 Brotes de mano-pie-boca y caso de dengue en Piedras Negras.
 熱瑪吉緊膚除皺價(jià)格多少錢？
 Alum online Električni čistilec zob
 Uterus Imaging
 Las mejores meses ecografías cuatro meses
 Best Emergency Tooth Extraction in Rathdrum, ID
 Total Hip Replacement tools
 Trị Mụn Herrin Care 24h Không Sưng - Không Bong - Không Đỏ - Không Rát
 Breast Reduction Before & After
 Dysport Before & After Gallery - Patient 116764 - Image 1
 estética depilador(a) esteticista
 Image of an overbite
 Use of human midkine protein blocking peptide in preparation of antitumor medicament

----

▶ [What to do]
Find the string "Image" in the listing and return every line that holds it.

▶ [Task answer]
 Dysport Before & After Gallery - Patient 116764 - Image 1
 Image of an overbite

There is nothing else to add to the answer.